Download Revealing Uncharted Biology with Single Cell Multiplex Proteomic Technologies PDF Online Free

Author :
Publisher : Academic Press
ISBN 13 : 012822214X
Total Pages : 204 pages
Book Rating : 4.1/5 (282 download)

DOWNLOAD NOW!


Book Synopsis Revealing Uncharted Biology with Single Cell Multiplex Proteomic Technologies by : Wendy Fantl

Download or read book Revealing Uncharted Biology with Single Cell Multiplex Proteomic Technologies written by Wendy Fantl and published by Academic Press. This book was released on 2024-06-28 with total page 204 pages. Available in PDF, EPUB and Kindle. Book excerpt: Revealing Unchartered Biology with Single Intact Cells: Case Studies explores the path to research success, key projects, the role of techniques, the selection process, other alternatives considered, what other paths have led to dead ends, detailed protocols followed, and how the analysis of generated data allowed researchers to visualize unchartered biology. Focusing on the research journey that led to the publication of each article, the book's editors interviewed the researchers on the use of the Multiplex Single Cell technique and how it helped hone in on the biological quest. These methods can be expanded to a wide variety of research objectives. In conclusion to each chapter, the authors critically review their process and provide suggestions of improvement or alternate techniques that could be employed. This book is the ideal reference for researchers new to the world of single-cell multiplex techniques. The discussion on failures encountered along the research path provides insights on how to avoid repeating the same errors.
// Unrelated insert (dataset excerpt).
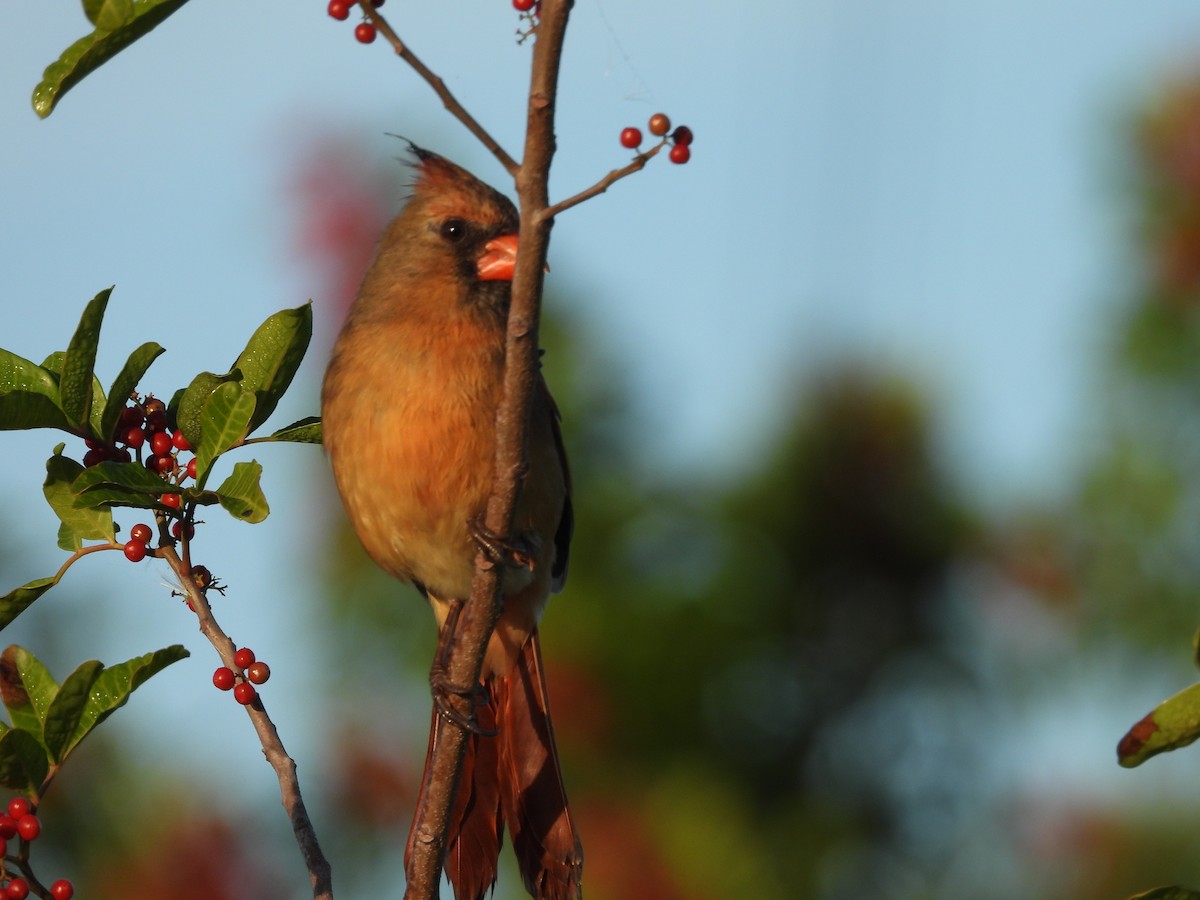 Cardenal Norteño - ML646838193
Provides insights into the path to success of key research articles based on Multiplex Single-Cell analysis techniques results Contains detailed method information Discusses strengths and limitations of techniques applied to each research domain covered Includes discussions on the failures encountered along the research path and how to avoid them

Genome-Scale Algorithm Design

Download Genome-Scale Algorithm Design PDF Online Free

Author :
Publisher : Cambridge University Press
ISBN 13 : 1107078539
Total Pages : 415 pages
Book Rating : 4.1/5 (7 download)

DOWNLOAD NOW!


Book Synopsis Genome-Scale Algorithm Design by : Veli Mäkinen

Download or read book Genome-Scale Algorithm Design written by Veli Mäkinen and published by Cambridge University Press. This book was released on 2015-05-07 with total page 415 pages. Available in PDF, EPUB and Kindle. Book excerpt: Provides an integrated picture of the latest developments in algorithmic techniques, with numerous worked examples, algorithm visualisations and exercises.